Formed in the early 1990s, Chicago’s Los Crudos, and their singer Martin Sorrondeguy, were one of the most extraordinary hardcore bands in the United States to fuse punk’s broader political protest to central questions of Latino life in the U.S.: immigration, racist violence, and linguistic difference. Latino punk bands such as the Plugz, the Zeroes, and the Bags, were integral to the L.A. punk scene in the late 1970s, and hardcore bands in Latin America like Alerta Roja (Argentina), Narcosis (Peru), Masacre 68 (Mexico), as well as U.S.-based hardcorelike Dogma Mundista and others paved the way, but Los Crudos helped broaden the audience for punk sung in Spanish and, in songs like “Hardcoregoismo” (Hardcoregoism) or “Somos los mojados” (We’re the Wetbacks), criticized the xenophobic and anglocentric members of any punk scene.

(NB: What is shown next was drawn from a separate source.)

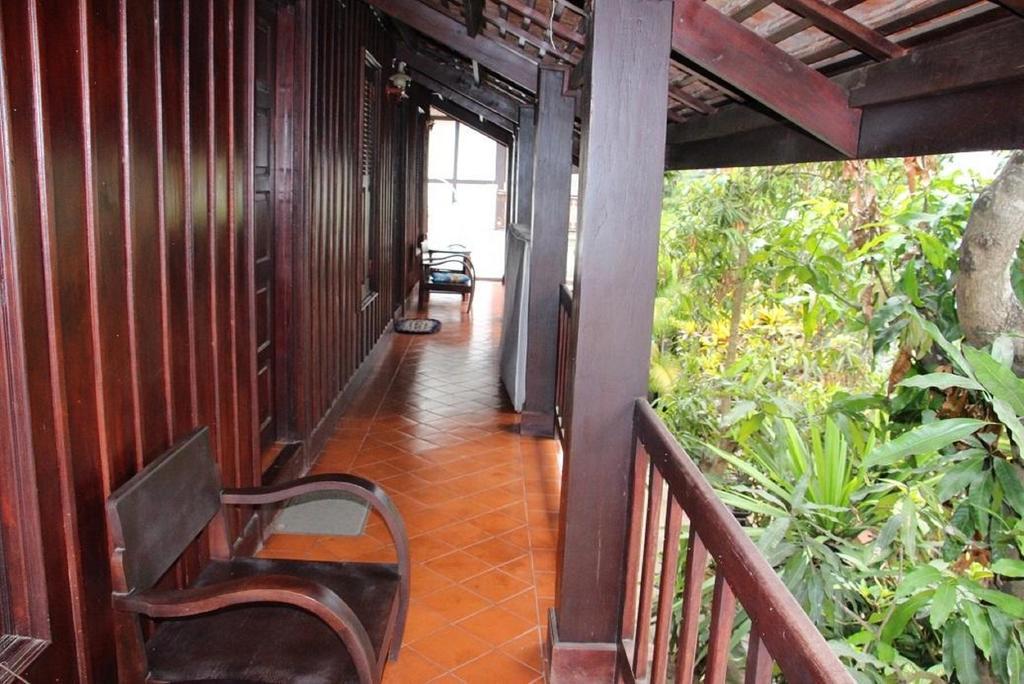 Villa Le Tam Tam Boutique Hotel Luang Prabang Eksteriør bilde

Through their record label Lengua Armada they forcefully cleared a space for Latino punk and Latino identity in the heartland of the U.S as they sang songs in Spanish (often introduced with English translations), played Latino community centers as well as traditional punk clubs, and supported Latin American hardcore bands during their own tours in Mexico, and South and Central America. Los Crudos joined the local and global politics of race and ethnicity in songs like “Levántate” (Rise Up) and “Asesinos” (Murderers), with the latter’s indictment: “Bush (murderer), Pinochet (murderer), Hitler (murderer), Baby Doc (murderer), murderers!” In 1998 Martin Sorrondeguy and other members of Los Crudos formed the queercore band Limp Wrist, marking another significant challenge to hardcore’s unwritten dogma of machismo, as well as homophobic stereotypes of gay men as essentially effeminate. With Los Crudos and Limp Wrist, Sorrondeguy renovated punk rock at the turn of the millennium by amplifying its queer and Latino roots.